_Brief_
Should the listing contain images, exclude them; give the rest again exactly.

_Exercise data_
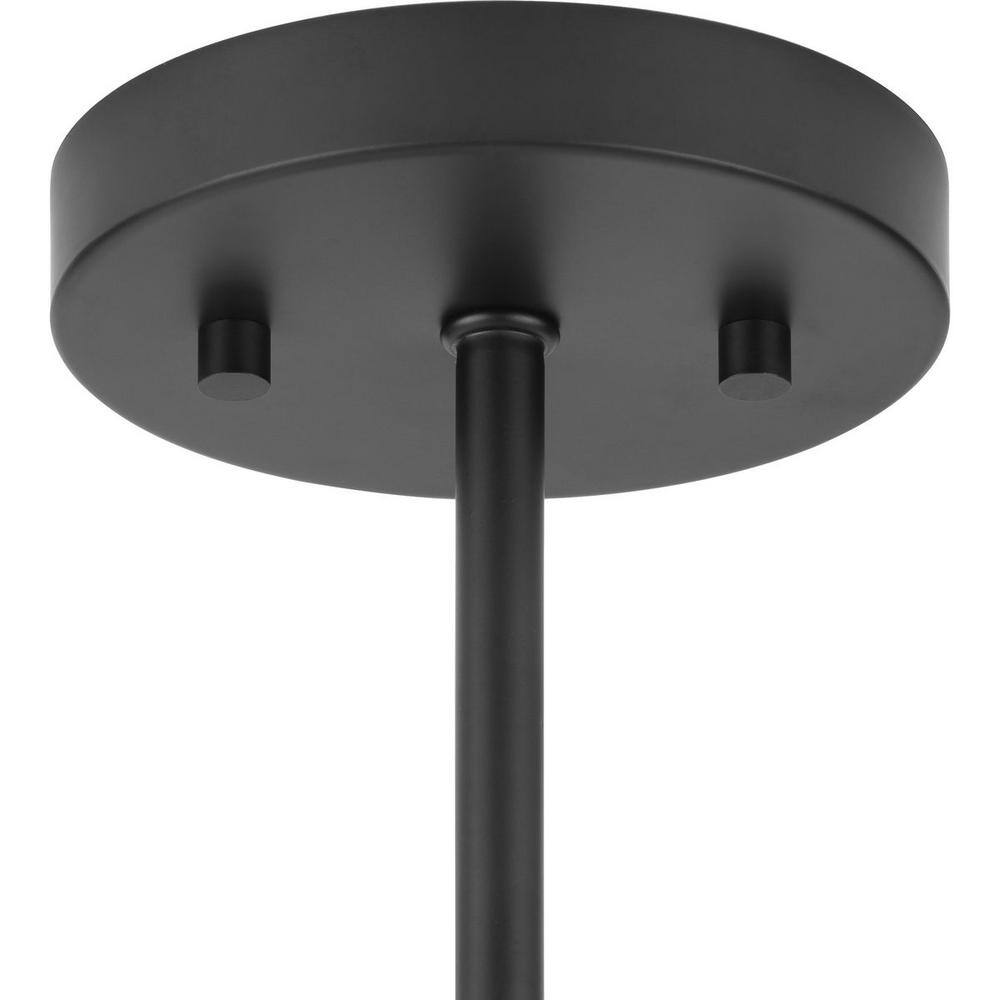 Matte Black Glass Globe 3-Light Flush Mount Ceiling Light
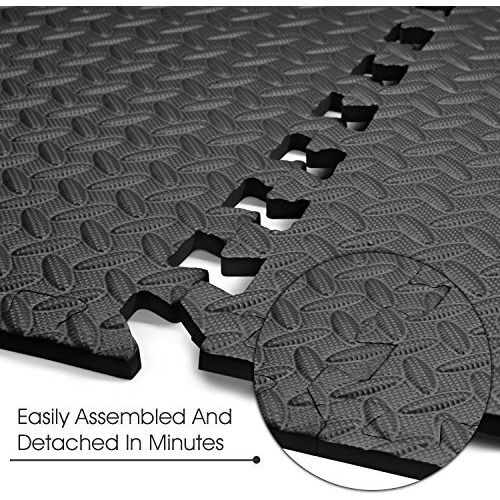 Kobo AC-62 Foam Exercise Mat, 12mm (Black)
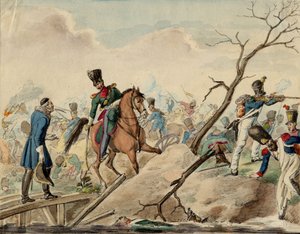 Bataille de Leipzig (bataille des Nations) - En episode fra slaget ved Leipzig - Anonym - 1813 - Akvarel på papir - 16,2x20,8 - Privat samling af Anonymous Anonymous
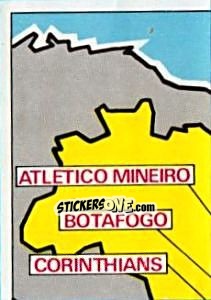 Figurina Map of Brazil - Badges football clubs - Panini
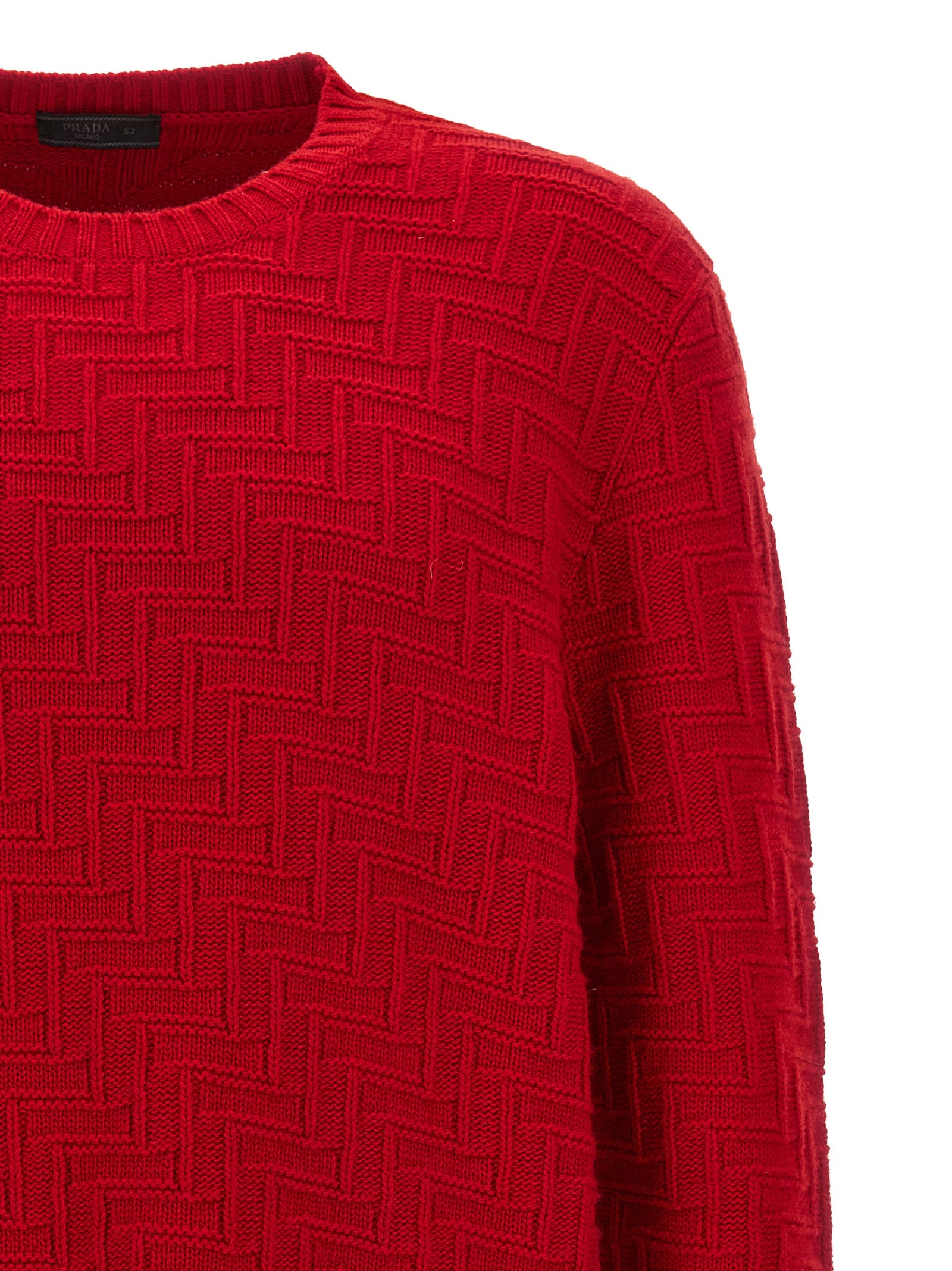 Prada Mehrfarbige Strickjacke aus reiner Schurwolle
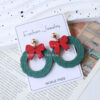 Wholesale Enameled Christmas wreath earrings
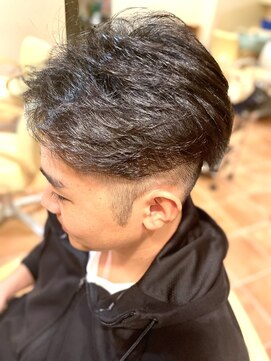 メンズ、フェザーパーマ、お手入れ楽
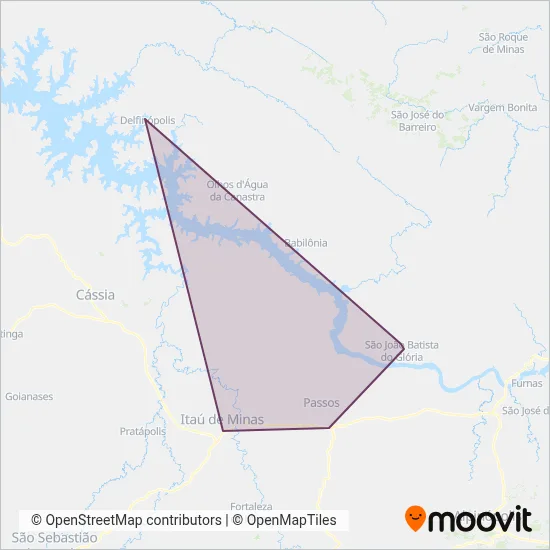 Rápido Sudoestino coverage area map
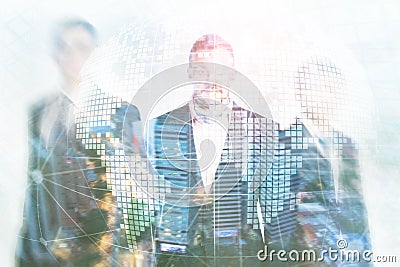 3D Earth hologram on blurred background.Global business and communication concept Stock Photo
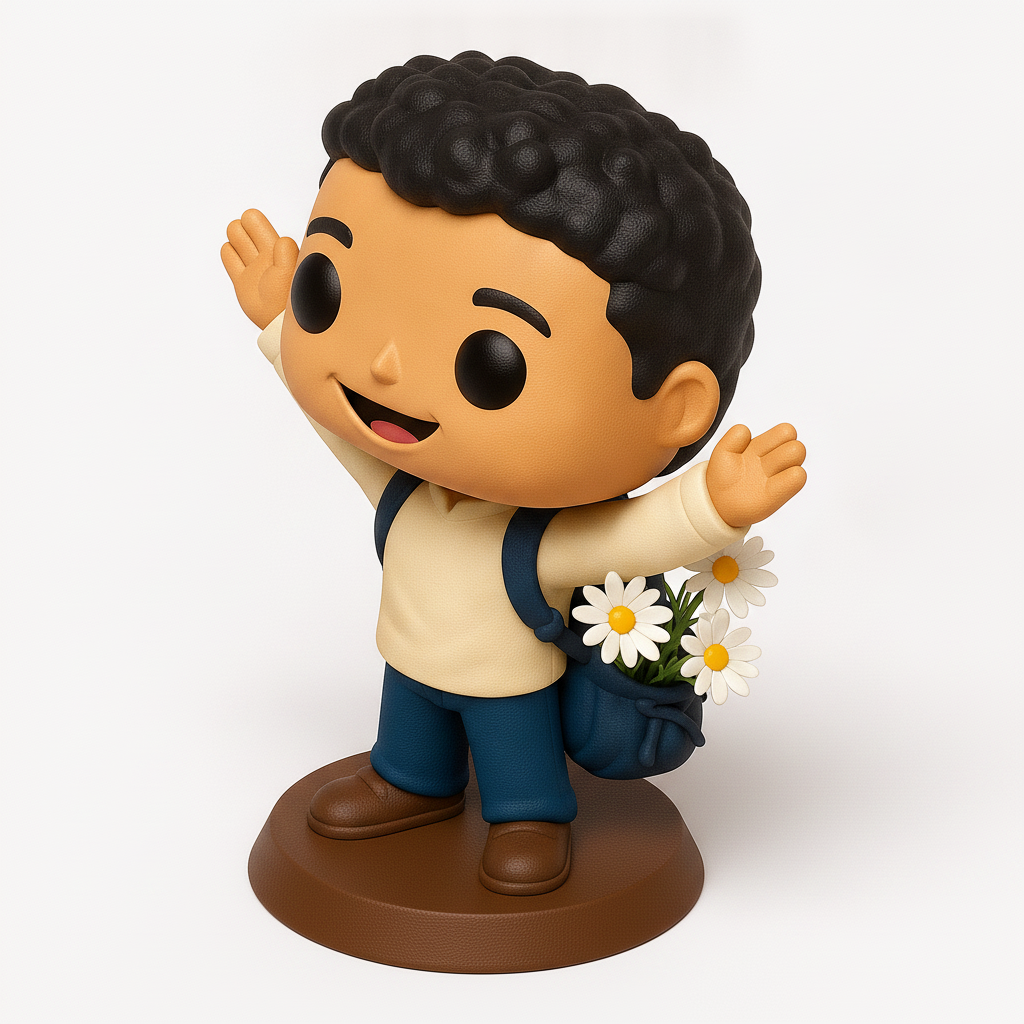 face to 3d model ai-3D portrait printing from photo_Cheerful Student Pop Figurine with Flower Backpack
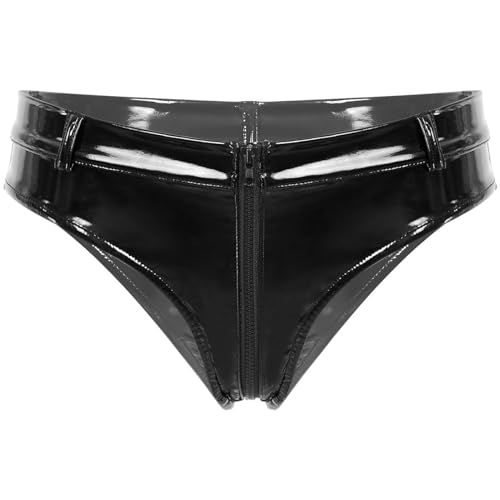 Alvivi Damen Wetlook Ouvert Slip G-String Tanga Panty Dessous offen Crotch Lack-Optik Höschen Hotpants Reizwäsche aus Lackleder F Schwarz M von Alvivi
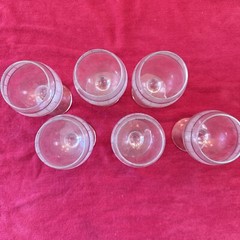 VTG Set Of 6 Wine Glasses Clear Stemware With Silver Bands & White Lace Retro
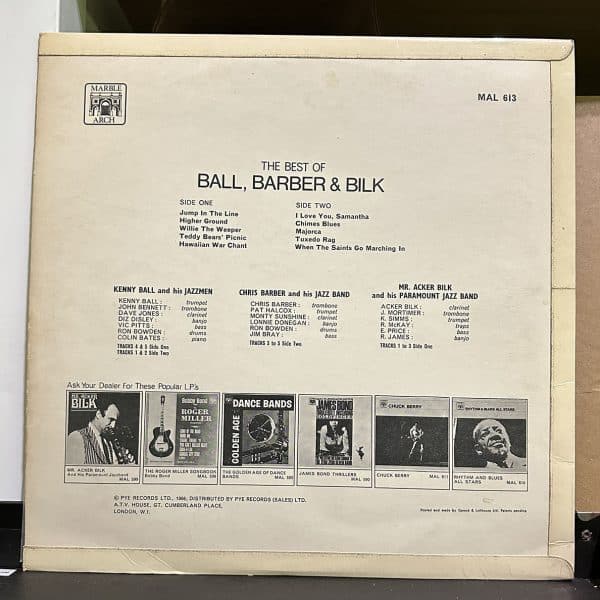 Kenny Ball, Chris Barber & Acker Bilk – The Best Of Ball, Barber & Bilk 黑膠唱片背面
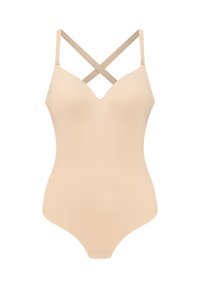 Beige bodysuit med korsryggslingor, v-ringning och slät yta. Har sömlös konstruktion för en strömlinjeformad look.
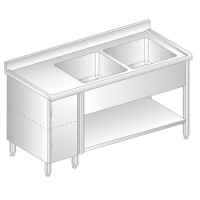 Stół przyścienny ze stali nierdzewnej z 2 zlewami, szafką, półką, rantem puszkowym i kapinosem 1500x600x850 mm | DORA METAL, DM-S-3215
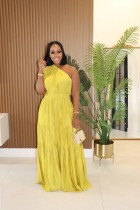 Slanted shoulder long dress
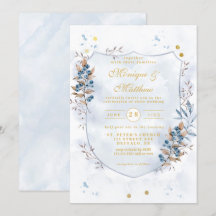 Dusty Blue und Gold Blueberries Shield Wedding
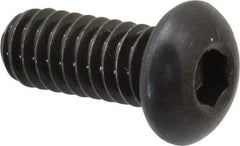 Made in USA - 1/4-20 UNC Hex Socket Drive, Button Screw - Alloy Steel, Black Oxide Finish, Fully Threaded, 5/8" Length Under Head - Americas Industrial Supply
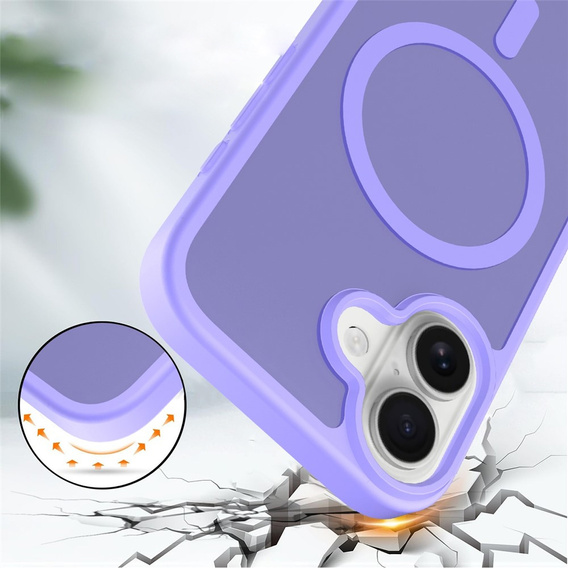 Matt Case for iPhone 17, for MagSafe, translucent purple
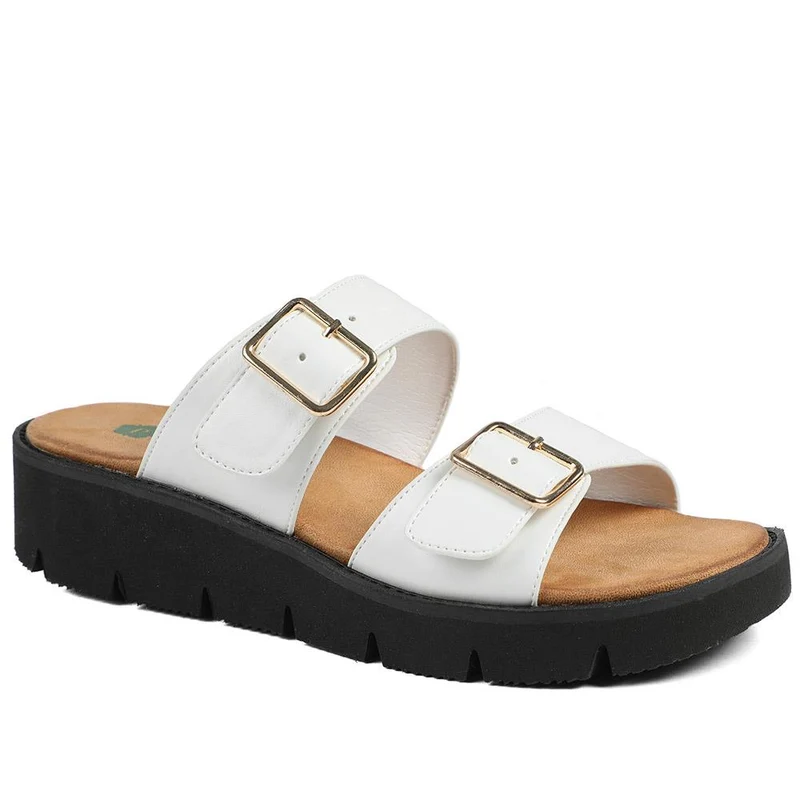Wide Fit Cushioned Buckled Sandals - BAIZH43015 / 329 140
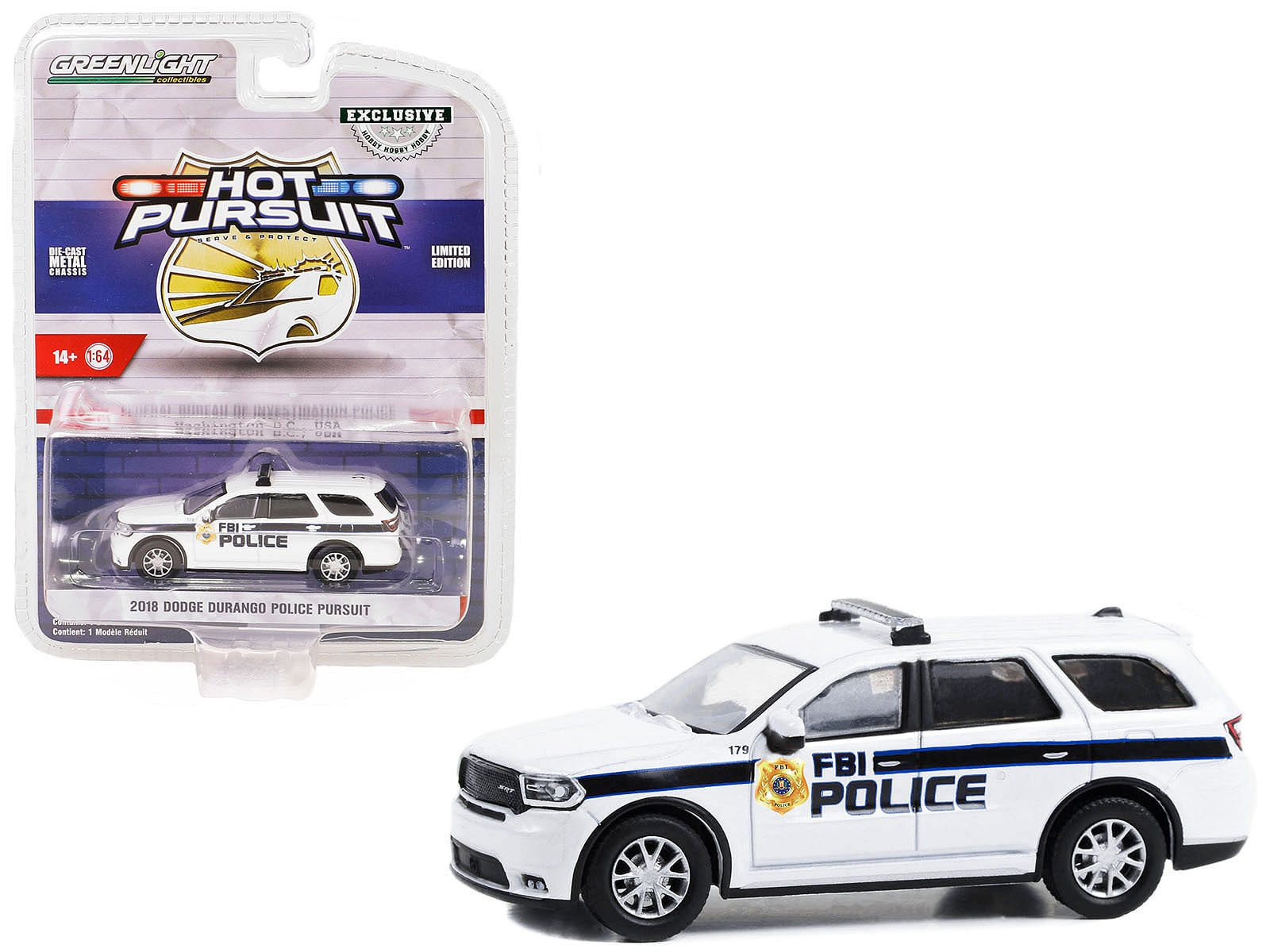 2018 Dodge Durango Police Pursuit White “FBI Police (Federal Bureau of Investigation Police)” “Hot Pursuit” Special Edition 1/64 Diecast Model Car by Greenlight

_Response to this task_
 Matte Black Glass Globe 3-Light Flush Mount Ceiling Light
 Kobo AC-62 Foam Exercise Mat, 12mm (Black)
 Bataille de Leipzig (bataille des Nations) - En episode fra slaget ved Leipzig - Anonym - 1813 - Akvarel på papir - 16,2x20,8 - Privat samling af Anonymous Anonymous
 Figurina Map of Brazil - Badges football clubs - Panini
 Prada Mehrfarbige Strickjacke aus reiner Schurwolle
 Wholesale Enameled Christmas wreath earrings
 メンズ、フェザーパーマ、お手入れ楽
 Rápido Sudoestino coverage area map
 3D Earth hologram on blurred background.Global business and communication concept Stock Photo
 face to 3d model ai-3D portrait printing from photo_Cheerful Student Pop Figurine with Flower Backpack
 Alvivi Damen Wetlook Ouvert Slip G-String Tanga Panty Dessous offen Crotch Lack-Optik Höschen Hotpants Reizwäsche aus Lackleder F Schwarz M von Alvivi
 VTG Set Of 6 Wine Glasses Clear Stemware With Silver Bands & White Lace Retro
 Kenny Ball, Chris Barber & Acker Bilk – The Best Of Ball, Barber & Bilk 黑膠唱片背面
 Beige bodysuit med korsryggslingor, v-ringning och slät yta. Har sömlös konstruktion för en strömlinjeformad look.
 Stół przyścienny ze stali nierdzewnej z 2 zlewami, szafką, półką, rantem puszkowym i kapinosem 1500x600x850 mm | DORA METAL, DM-S-3215
 Slanted shoulder long dress
 Dusty Blue und Gold Blueberries Shield Wedding
 Made in USA - 1/4-20 UNC Hex Socket Drive, Button Screw - Alloy Steel, Black Oxide Finish, Fully Threaded, 5/8" Length Under Head - Americas Industrial Supply
 Matt Case for iPhone 17, for MagSafe, translucent purple
Wide Fit Cushioned Buckled Sandals - BAIZH43015 / 329 140
 2018 Dodge Durango Police Pursuit White “FBI Police (Federal Bureau of Investigation Police)” “Hot Pursuit” Special Edition 1/64 Diecast Model Car by Greenlight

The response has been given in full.